> Work task
Please reproduce the listing word for word. Pictures stay out.

> Information shown

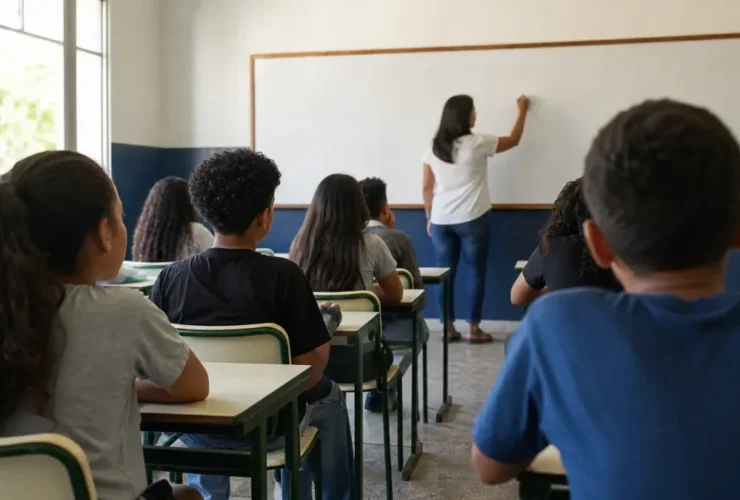 seleção temporária Prefeitura de Prata MG educação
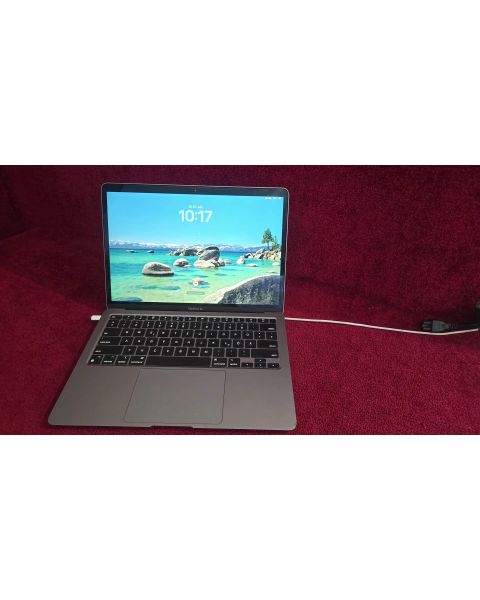 Apple MacBook Air 13 Zoll 2020 M1 A2337  8GB RAM    Space Grau *USB C, 256 Gigabyte SSD, 8-Core GPU, 13 Zoll
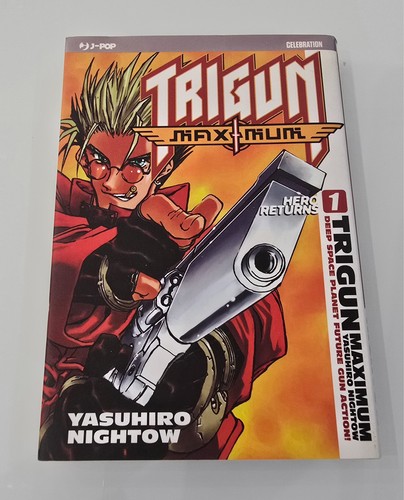 Trigun maximum celebration - trigun,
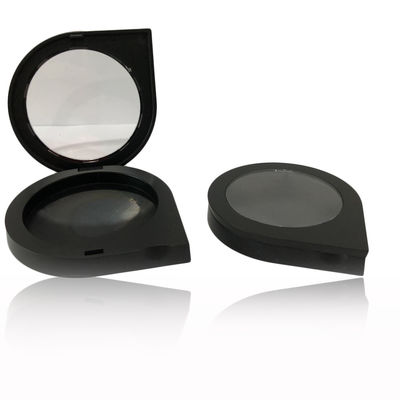 39mm/27mm پان گرد خالی بسته پودر کیس با آینه سبک وزن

> Answer to the exercise
 seleção temporária Prefeitura de Prata MG educação
 Apple MacBook Air 13 Zoll 2020 M1 A2337  8GB RAM    Space Grau *USB C, 256 Gigabyte SSD, 8-Core GPU, 13 Zoll
 Trigun maximum celebration - trigun,
 39mm/27mm پان گرد خالی بسته پودر کیس با آینه سبک وزن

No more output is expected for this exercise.